I recently ran into a subtle issue with one of my SQL scripts. Unfortunately this issue caused it to delete all of the data in all of the tables it touched. Fortunately for me, we were still in DEV with the script so the impact was minimal. I spent quite a bit of time debugging the script and tracking down theories just to end up right where I started. Since this was a very simple script, I was feeling really dumb right about then. Here’s the issue and what I found was the problem. Hopefully you can learn the lesson I did without the pain involved.
Due to circumstances I won’t bore you with, I found myself in a situation where I had to identify some data that fell within a certain range of dates and delete all records in all tables that related to the identified records. I wrote the script, but found that instead of deleting only the records that fell within the date range specified, it deleted all records in the tables it touched. Not fun.
In the script I created a table variable (I don’t like temp tables) that would contain only one column. This column would contain the primary key of the main table to which most of the other tables related. Into the temp table I inserted all of the primary key values from the records in the main table that met a number of criteria. Then I used a DELETE statement to remove records from each related table where the record’s foreign key referenced a value that was in the table variable.
It turns out that the real problem was a simple typeographical error.
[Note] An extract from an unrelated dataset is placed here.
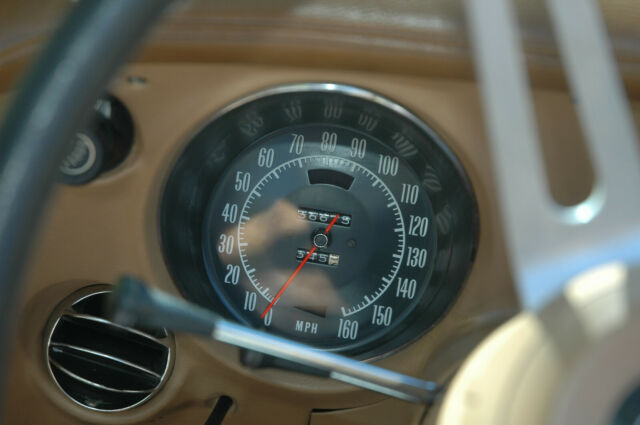 Chevrolet Corvette 1974 image number 33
In the DELETE statements, within the WHERE-IN statement’s sub-SELECT statement, I added an underscore (“_”) between “PK” and “Val”. The implications of this issue though were far reaching. Initial thoughts about this incorrectly named column might be that SQL Server Management Studio should notify you about the mistake, or at worst the sub-select statement wouldn’t return any data and therefore the DELETE statement wouldn’t delete anything.
These would be incorrect assumptions though. The problem is that the RelatedTableN contains a column called “PK_Val” with the underscore. Due to ANSI standards, SQL always checks the outer table BEFORE it checks the inner table. In this case it found a column called “PK_Val” in the outer table. Since the inner table contains at least 1 record, a match was found for every record and the result was that it deleted every record in each of the tables it touched.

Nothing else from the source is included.